Task goal:
Output the data below exactly, without images.

Given data:
|---|
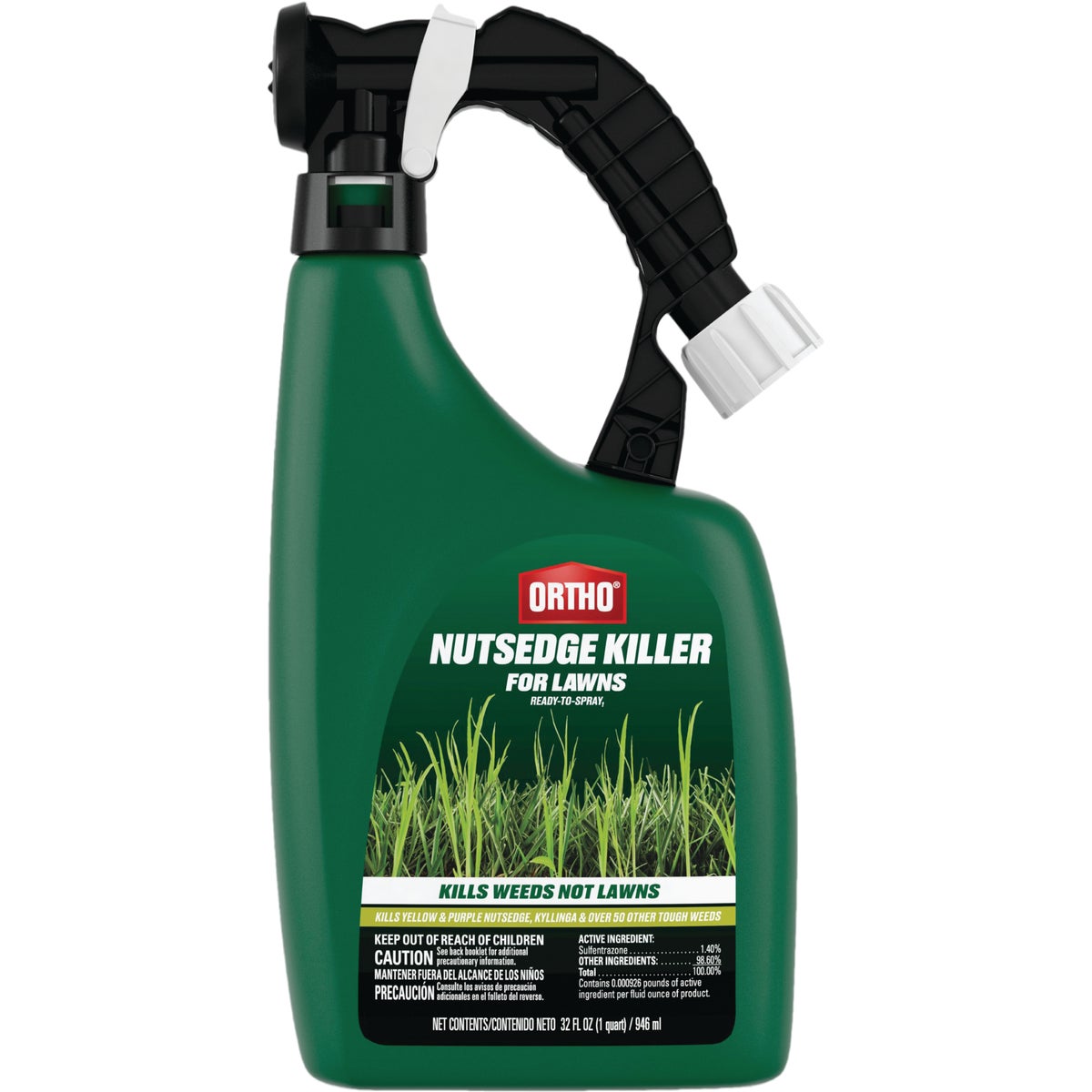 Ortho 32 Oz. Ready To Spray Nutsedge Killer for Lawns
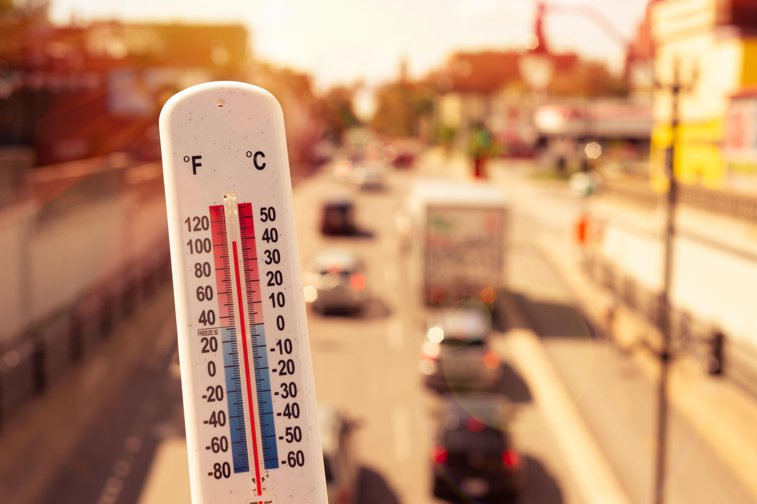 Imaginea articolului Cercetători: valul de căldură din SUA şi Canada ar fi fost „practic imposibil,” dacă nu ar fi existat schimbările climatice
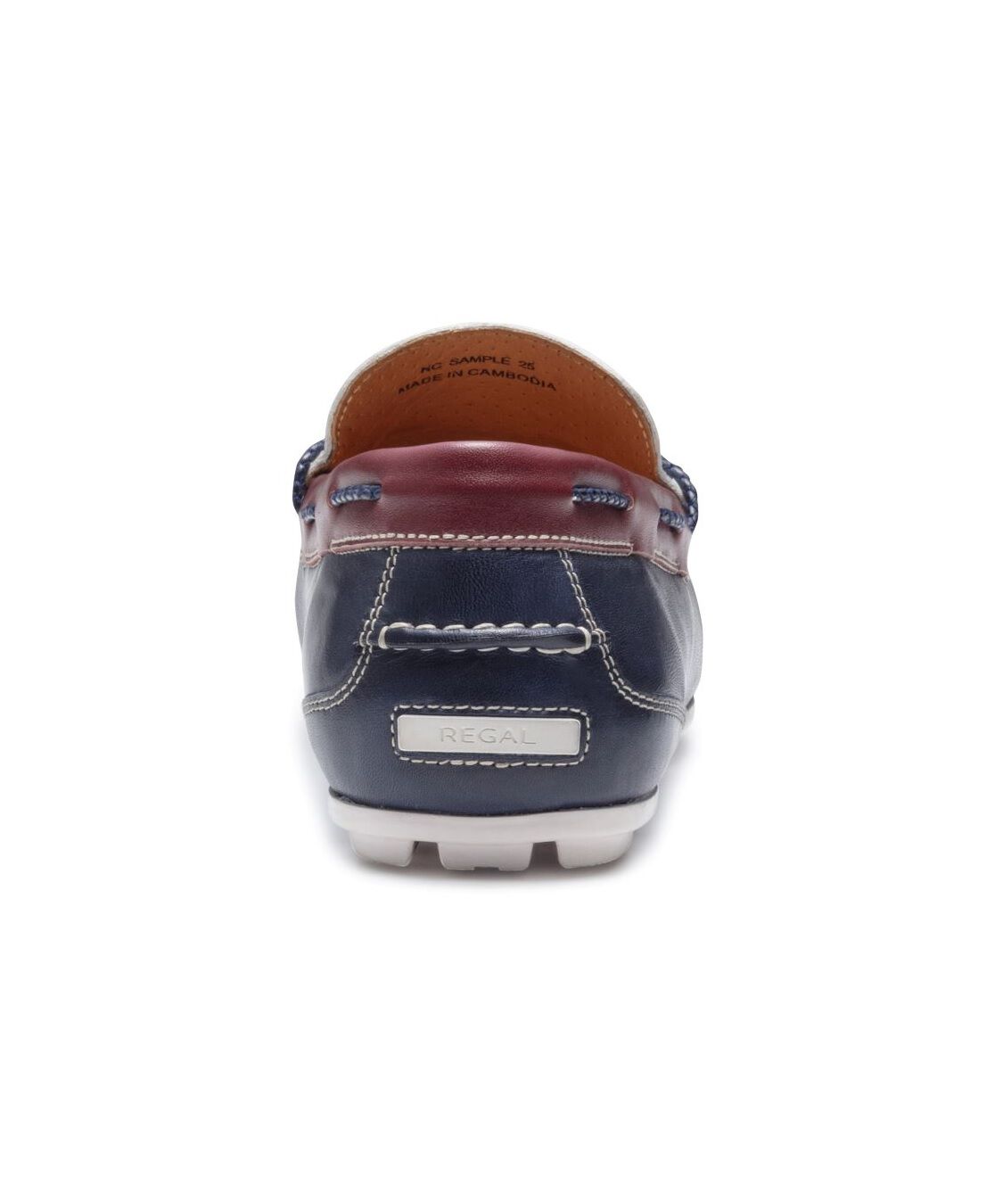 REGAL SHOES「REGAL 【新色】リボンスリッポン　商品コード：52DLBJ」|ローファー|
|---|
Solved exercise:
 Ortho 32 Oz. Ready To Spray Nutsedge Killer for Lawns
 Imaginea articolului Cercetători: valul de căldură din SUA şi Canada ar fi fost „practic imposibil,” dacă nu ar fi existat schimbările climatice
 REGAL SHOES「REGAL 【新色】リボンスリッポン　商品コード：52DLBJ」|ローファー|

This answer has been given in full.